Without mobility, our current economic structure, based on division of labour, would not be possible. The term mobility describes various things, including the possibility for humans and goods to physically change location. Effective mobility comes in the form of traffic. Looking at the causes and phenomena associated with traffic is traditionally a field of civil engineering, as transport has always guided the need and provisions of traffic construction. 
The job profile of a civil engineer comes almost exclusively from the need to plan, construct, and operate traffic systems, including stairs, underpasses, bridges, tunnels, harbours, railway stations, airports, canals, railways, and tramways. The field of activity in which civil engineers work has expanded considerably over the last 50 years, especially in transport. The work of civil engineers in transport now involves controlling traffic installations, the physics of pedestrian flows, computer-aided models to simulate traffic and traffic flows, as well as the interaction between housing structures and resource consumption in traffic. Looking at mobility is therefore essential to answer the question of how we can live more resource-friendly lifestyles in future.

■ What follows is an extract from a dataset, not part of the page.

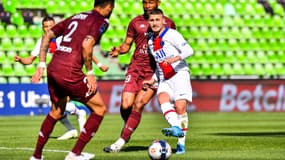 Marco Verratti lors de Metz-PSG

Almost no other city in Germany is so inextricably tied to the history of traffic as Nuremberg. Germany’s first railway ran from Nuremberg to Fürth. Nuremberg has the largest pedestrian zone in Europe. Nuremberg central railway station is the largest through station in the world. Nuremberg is home to Germany’s first automated underground railway line and the first automatic-manual hybrid underground railway in the world. The Nuremberg port area is the third largest inland transshipment center in Europe. Nuremberg’s Langwasser district boasts Germany’s first car-free settlement. Johannes Scharrer, who established the first railway line in Germany, was also the founder of the Georg Simon Ohm University of Applied Sciences Nuremberg, the first university of applied sciences in Bavaria.

The Transportation lab is one of the newest labs at the Nuremberg Institute of Technology. The lab has a small technical library specializing in transport. The lab is in Building KB on the university’s main campus, directly east of Nuremberg’s old town in the Wöhrd district.